*** Block opens ***
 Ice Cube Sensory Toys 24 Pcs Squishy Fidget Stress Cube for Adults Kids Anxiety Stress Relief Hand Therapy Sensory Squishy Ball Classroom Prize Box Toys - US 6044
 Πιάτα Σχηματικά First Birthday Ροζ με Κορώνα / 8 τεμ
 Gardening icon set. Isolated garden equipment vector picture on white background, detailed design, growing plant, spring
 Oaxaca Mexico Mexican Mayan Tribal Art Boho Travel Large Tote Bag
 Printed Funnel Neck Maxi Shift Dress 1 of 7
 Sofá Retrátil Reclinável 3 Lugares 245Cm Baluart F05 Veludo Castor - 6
*** Block closes ***
* _WORK TO BE COMPLETED_
Each entry is to be retyped precisely as it stands.

* _EXPECTED ANSWER_
 Ice Cube Sensory Toys 24 Pcs Squishy Fidget Stress Cube for Adults Kids Anxiety Stress Relief Hand Therapy Sensory Squishy Ball Classroom Prize Box Toys - US 6044
 Πιάτα Σχηματικά First Birthday Ροζ με Κορώνα / 8 τεμ
 Gardening icon set. Isolated garden equipment vector picture on white background, detailed design, growing plant, spring
 Oaxaca Mexico Mexican Mayan Tribal Art Boho Travel Large Tote Bag
 Printed Funnel Neck Maxi Shift Dress 1 of 7
 Sofá Retrátil Reclinável 3 Lugares 245Cm Baluart F05 Veludo Castor - 6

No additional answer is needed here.